---------- Input data

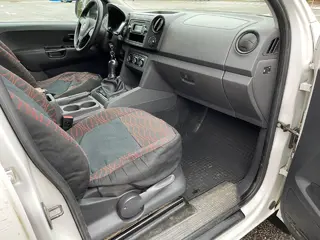 21. e-aukce ČEZ VOLKSWAGEN AMAROK, RZ 8T91142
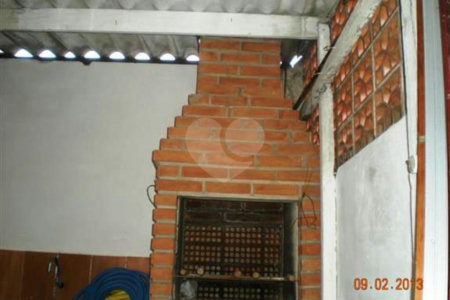 Sobrado à venda com 3 quartos, sendo 1 suíte, em Vila Nivi, São Paulo, SP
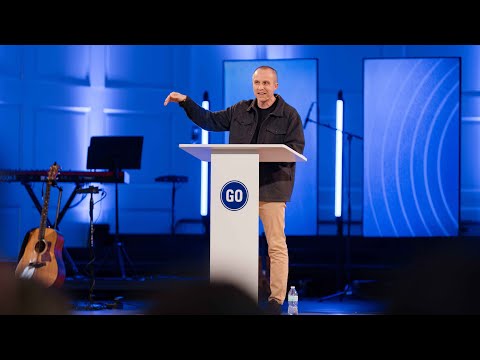 Mark Vance | Endurance | 1 Timothy 6:11-16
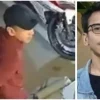 Bawa Airsoft Gun dan Rusak Ruko di Cilincing, Selebgram Adam Deni Ditangkap Polisi!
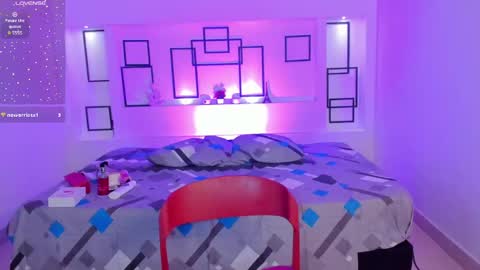 Snapshot of namoismith chatting on February 13, 2025, 5:05 am Namoi Smith online show from February 13, 2025, 5:05 am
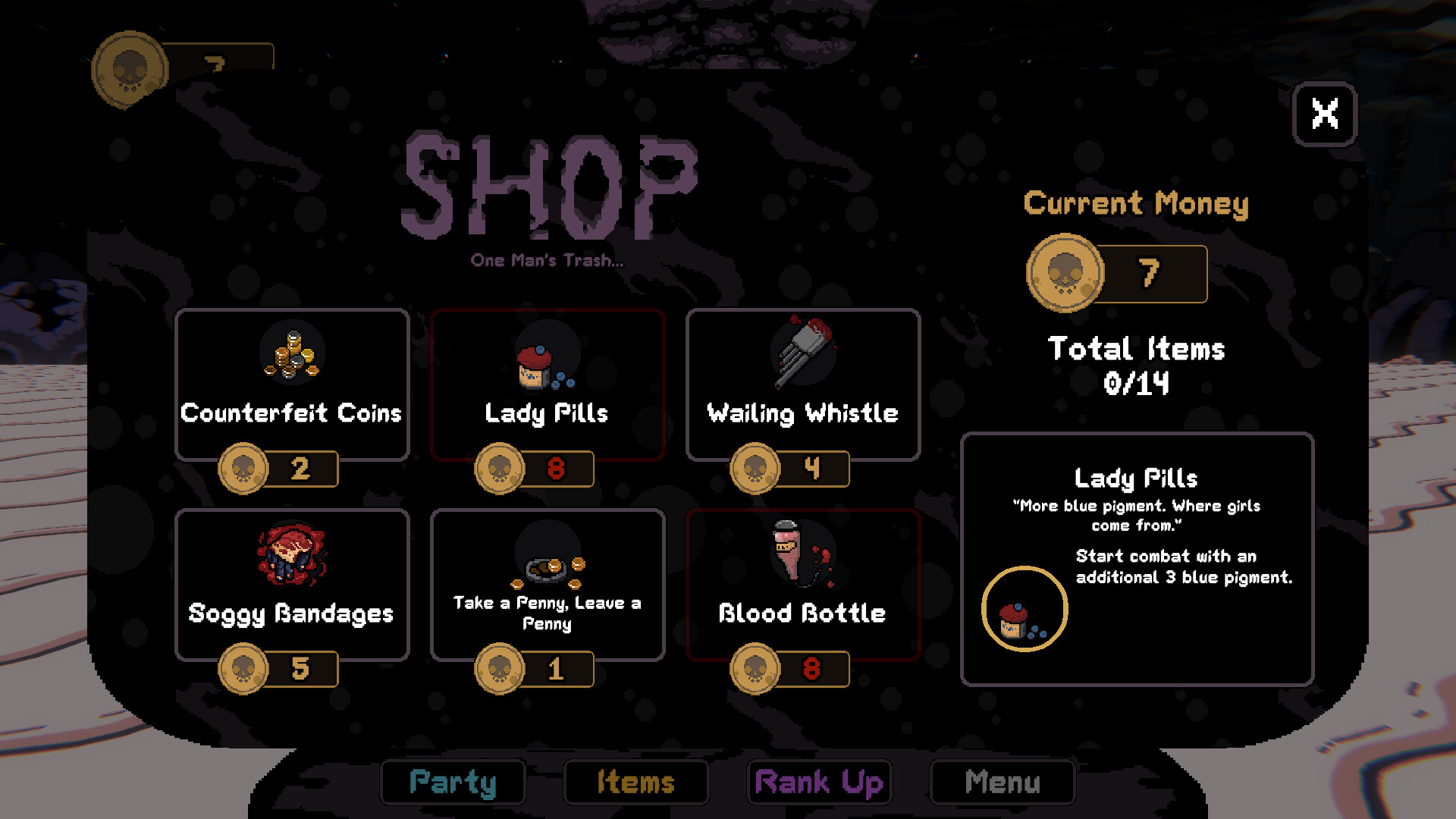 Brutal Orchestra Screenshot 6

--------------------

Without the images, write out each line of the data verbatim.

 21. e-aukce ČEZ VOLKSWAGEN AMAROK, RZ 8T91142
 Sobrado à venda com 3 quartos, sendo 1 suíte, em Vila Nivi, São Paulo, SP
 Mark Vance | Endurance | 1 Timothy 6:11-16
 Bawa Airsoft Gun dan Rusak Ruko di Cilincing, Selebgram Adam Deni Ditangkap Polisi!
 Snapshot of namoismith chatting on February 13, 2025, 5:05 am Namoi Smith online show from February 13, 2025, 5:05 am
 Brutal Orchestra Screenshot 6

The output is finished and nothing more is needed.